Pet is a low budget, vaguely homoerotic supernatural thriller that recalls the pulpy late-night anime of the Noughties. As such, it won’t win praise for its subtly, but is still a pretty good time.
Plot summary
A boy is born with psychic powers. He grows up to be a gangster, brainwashing and manipulating low-lives into doing bad things, and then making them forget it ever happened.
Is it any good?
Pet is promising, but difficult to pin-down after just this one episode. Clearly, it’s a low budget affair, the kind of seinen horror anime that doesn’t aspire to be well-animated or popular (I’m thinking of stuff like Sci-Fi Harry and Blassreiter here) but is basically entertaining. Pulp anime is another way of putting it: melodramatic characters doing bad things to each other, which, I admit, doesn’t exactly sound like a good time, yet works in inventive ways.
There’s also an undercurrent of homoeroticm: men touching hands, open-shirted, getting into water fights and changing clothes together. I wasn’t surprised to learn that the author of Pet‘s manga, Ranjō Miyake, had written boys-love stories in the past, it just has that aesthetic.
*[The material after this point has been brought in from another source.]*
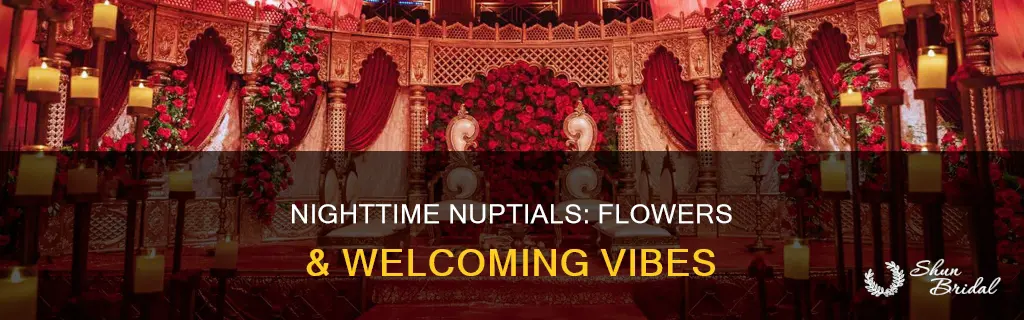 why are indian weddings at night welcome sign flowers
(This is what it means to damn a series with faint praise, isn’t it?)
What are you worried about?
Pet walks a fine line between interesting and bland.
I have faith in director Takahiro Omori, at least. He has worked on a lot of good anime in the past and he surely wouldn’t knowingly walk into working on a dud manga. It’s just that this episode was neither convincing nor sympathetic. We still need a hook; something to make us care.
The images that I’ve chosen hopefully speak for themselves because Pet has some colourful and fun visuals when it dives into the crazy waters of the human mind, it just needs a personality to match.
I would also note that this was originally set to air during the Autumn 2019 season, but supposedly wasn’t ready and had to be delayed until now, hinting at problems behind the scenes. Which is to say, I hope the animation doesn’t collapse.